--- Data Enclosed Below ---
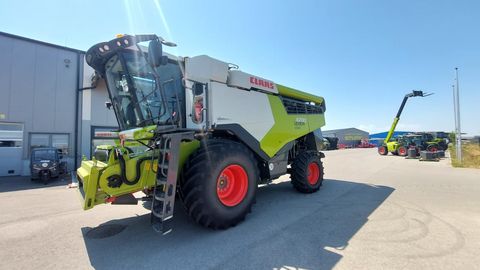 Claas Lexion 6700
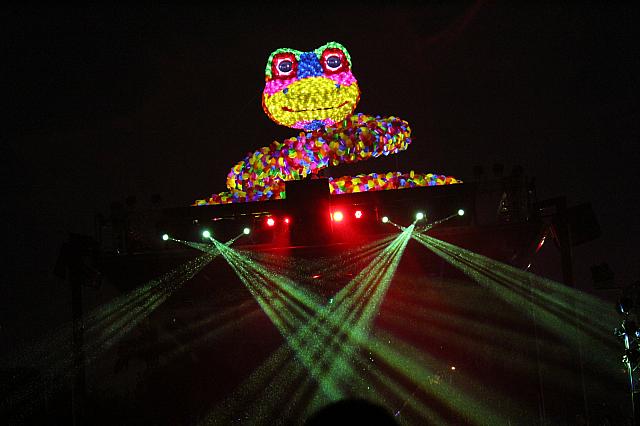 投影技術を駆使しながら「蛇斑斑」が話しかけてくれますよ～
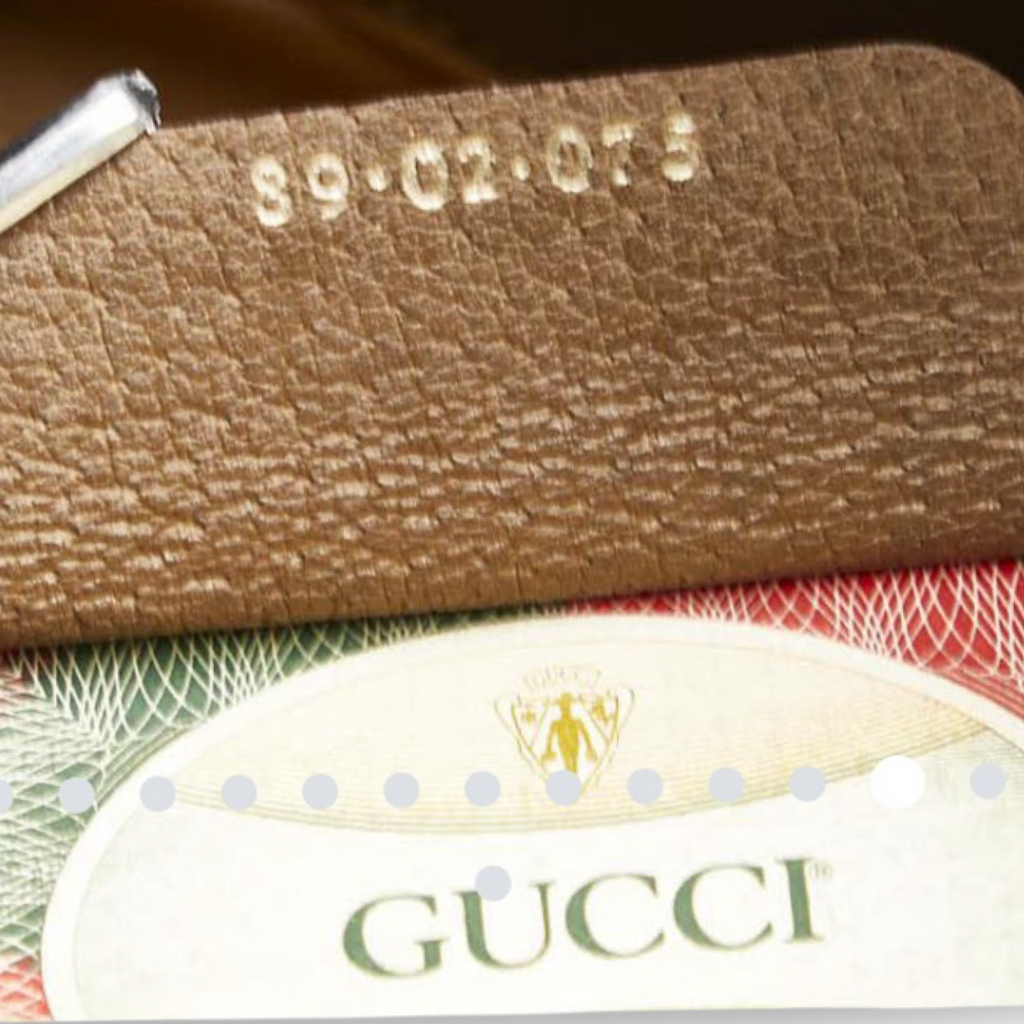 Old Gucci GG Supreme clutch Authentic Previously Owned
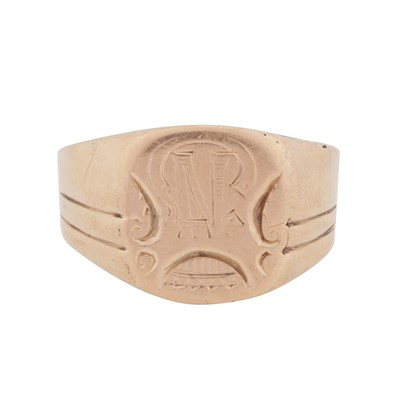 Lot 319 - A signet ring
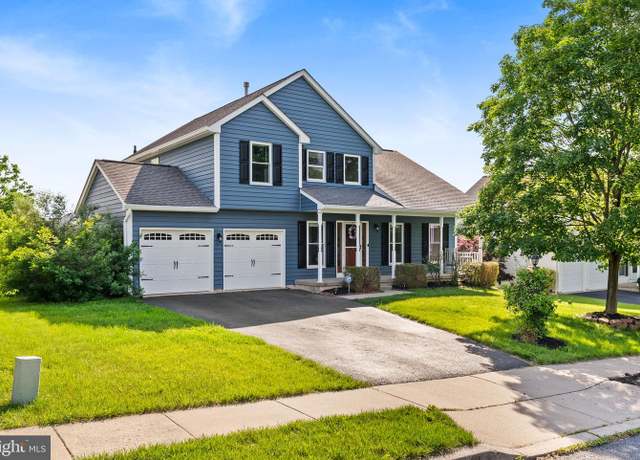 Property at 53 Pebble Beach Ln, Pottstown, PA 19464, 3 beds, 2.5 baths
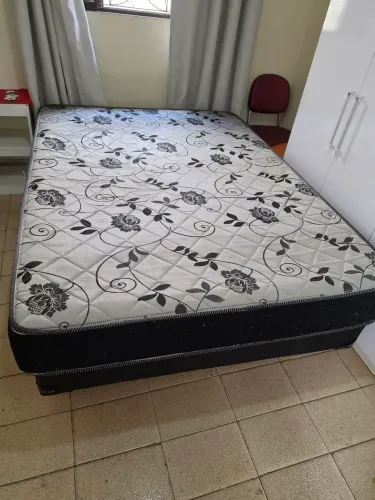 Cama de casal box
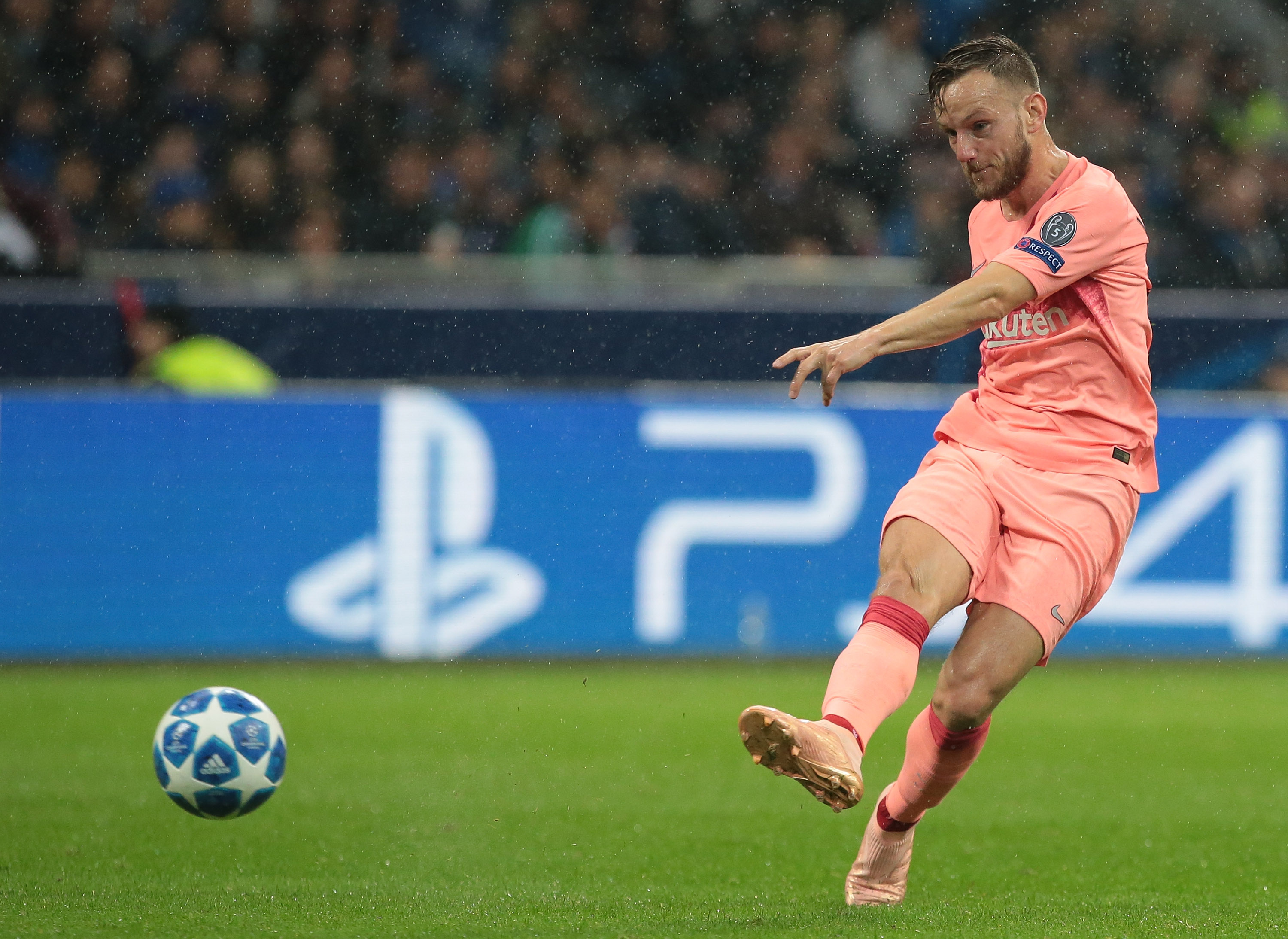 Rakitic (Photo by Emilio Andreoli/Getty Images)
--- End of Enclosed Data ---
What is needed –
Extract the run of lines from the line holding "Cama de casal box" through the final line of the material above, exactly and inclusively. Leave the pictures behind.

Exercise response –
 Cama de casal box
 Rakitic (Photo by Emilio Andreoli/Getty Images)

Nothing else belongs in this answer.